It's totally lost its meaning in the last few years.
My guess is that is how it seems to you because the last few years is how long you've been in the writing game.
The NYT list has always been curated, and always been possible to buy your way onto. The only difference is now you are looking at it as an author, and the veil of mystery has been lifted.
PLENTY of readers still place stock in it. You are more likely to get a Bookbub if you have it, and people are more likely to click on your ads if you mention it. I've read research that says hitting the NYT list can boost a first-time author's book sales by over 50%. I'm not sure how well that still holds up, but I'd hardly say that it's totally meaningless.

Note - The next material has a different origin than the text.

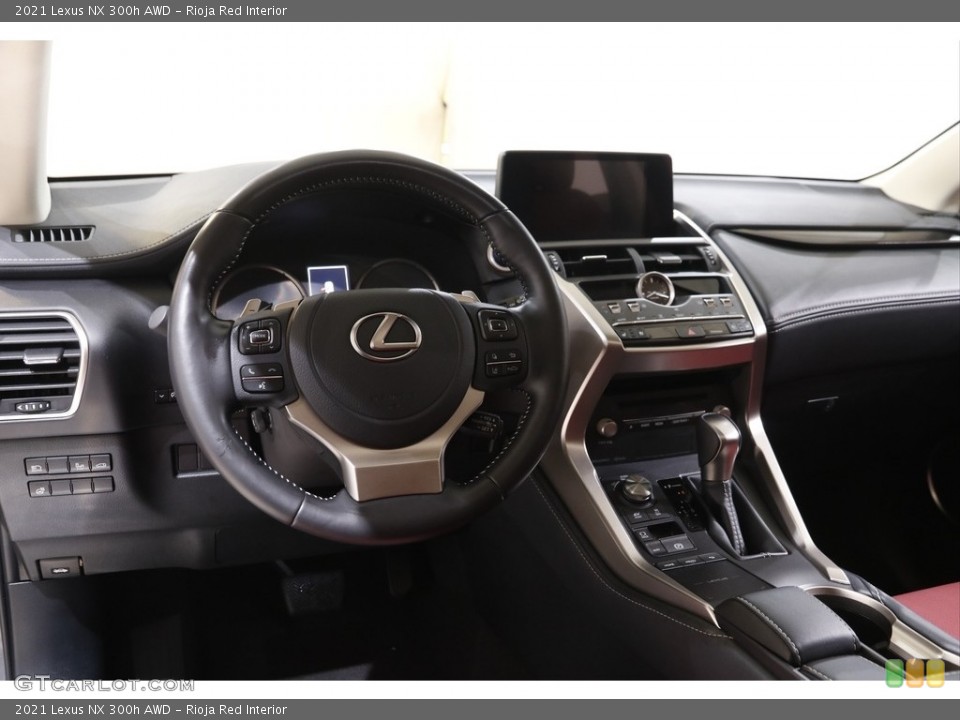 Rioja Red Interior Dashboard for the 2021 Lexus NX 300h AWD #143500190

You're probably right about it not being a sound investment for most writers if you look at it strictly from ROI on one book. But I know some nonfiction authors who make most of their money from courses and speaking gigs that are thrilled to have those letters. It is a mark of legitimacy to the average reader, who knows nothing about what is involved behind the scenes.
Speaking from personal experience, when people find out I am a full-time writer, they usually don't take it very seriously. Even when I tell them I make more now than at my old job, they still think it is a hobby for some reason. But when I mention I've been on the USA Today bestseller list a half-dozen times, they immediately change their tune.
You know that list doesn't mean much. I know that list doesn't mean much. But to the VAST majority of readers out there, it means a lot.
Also, there are a bunch of people on these forums that think it means something. People are constantly organizing promotions around list runs. Many writers have hitting a list as one of their writing goals. People on this thread have mentioned it as a bucket list item. To dismiss those goals as meaningless isn't exactly the most encouraging thing in the world.